On the other hand, I make my statement angrily. If this World Series proved anything at all, it proved once again that, for an immense amount of money, you too can be like George Steinbrenner and buy yourself a Commissioner’s Trophy.
The whole thing made me realize that, with both the NFL and the NHL’s respective players associations going into renegotiations with their respective leagues regarding a possible removal of salary caps, what is next for sports in America?
Salary caps are what really keep things in line in sports. By making sure that no team can retain every player of increasing value every year, you allow some of the spillover to be distributed to lesser teams for possible improvement.
Yes, there are dominant teams and yes, there are far-less-than-dominant teams. The ebb and flow of the leagues, however, is dependent more upon performance of the players rather than the budget of the teams. This is the way sport should be.

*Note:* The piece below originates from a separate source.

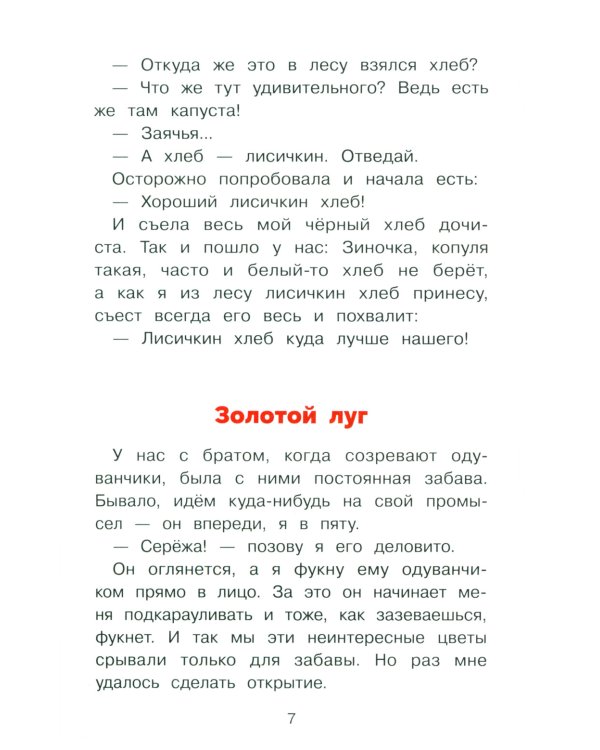 Ребята и утята: рассказы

Rather than come by things honestly, teams like the Yankees can use monetary temptation to lure players from elsewhere and build an all-star team, which they have done to a great degree of success over the last decade. This proves nothing other than the ability to flaunt money and buy a championship. It also makes things pretty lame for baseball if you’re not from a market with a team who has MAD BANK to shell out on a ton of big guns.
MLB should absolutely push to institute a salary cap. Think of the mass roster exodus of the uber-market teams. How many teams could benefit from veteran leadership which they just don’t have? How many teams could use a heavy bat or a golden glove or a cannon to help them become competitive?
Take the Pirates (Seriously. Take them. Please.) for example. They get someone good, he gets dealt to the bigger teams for peanuts. It happens at the end of every season as if the Buccos are some kind of farm club for the actual teams in the MLB.
Teams like the Pirates are simply breeding grounds. Sure, they play in the same league as the New York teams, Boston, the Chicago teams, etc, but they may as well be an independent minor league franchise which does nothing but breed mercenaries. We are arms dealers. We cultivate guns only to sell them to the highest bidder when they are primed and ready.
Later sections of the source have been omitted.